Time: 120 mins.
Genre: History/Action/Drama/World War II
Won Academy Award for Best Sound Editing. Nomination for Best Sound.
Despite the stereotype, I, unlike most women, go to the movies, on occassion, to see things get blown up. I'm also equally intrigued by World War II, probably because I didn't live through it, so U-571 seemed to be the perfect movie for me. Lots of explosions, a covert mission to stop pure evil, what could be better? Well, this movie for starters. The plot can be described in a sentence. It runs as deep as a wading pool. The only reason it works at all is because of the idea's inherent danger. US Navy seaman capture a German U-Boat to steal an Enigma machine which will allow the Allies to finally break the German secret code and gain the upper hand in the war on the water. The enigma machine, which looks like a typewriter, is treated like the Holy Grail, and in a way it was, but it still doesn't seem worth all the bloodshed. However, trap your heroes on a rickety submarine in enemy waters and you've got tension. Of course, submarines give most people the creeps, due to the many things that could go wrong and kill you. Especially drowning. Not the best way to go.

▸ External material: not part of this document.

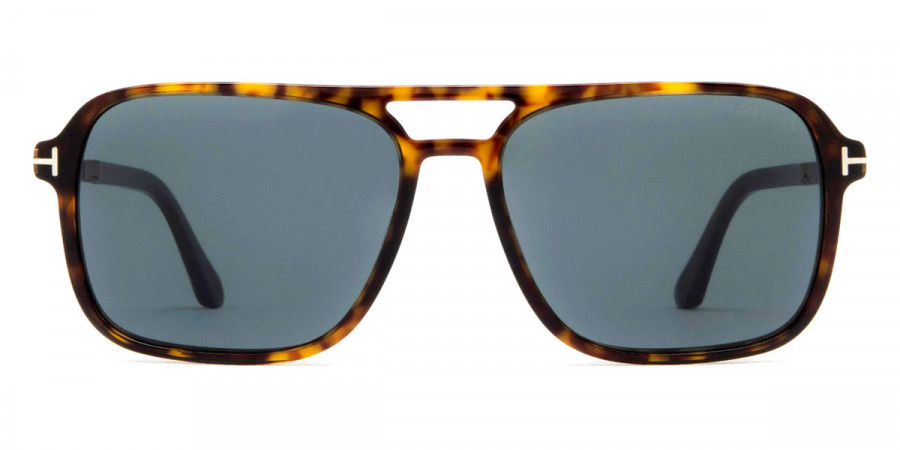 Tom Ford™ - FT0910 Crosby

That fact keeps you on the edge of your seat. You know they're going to make it at least some of them but it doesn't matter. Just the idea of them potentially drowning is enough to keep you praying the ship holds together. You pray for this more for your own peace of mind then out of concern for any of the characters, because they never really make any of them real. They're all so interchangable you don't feel much of anything when they die. Believe me, I cry at commercials and this film didn't even elicite a sniffle out of me. The only people who stand out are McConaughey because he's the star, Keitel because he's old, Carson because he's black and Palladino because he's annoying. Everyone else, just kind of blends together. Not a good thing when we're supposed to care whether they live or die. Paxton and Bon Jovi, two of the name stars in the film, have such tiny parts the only reason they got top billing is because of their agents. Hell, if you blink, you'll miss Bon Jovi, which may be a good thing as far as some people are concerned, but I can't see why he bothered to show up for work. He was supposed to be McConaughey's best buddy, but you'd never know it because you don't learn anything about anybody. They don't even bother to stereotype them, which is usually the bargain basement of character development.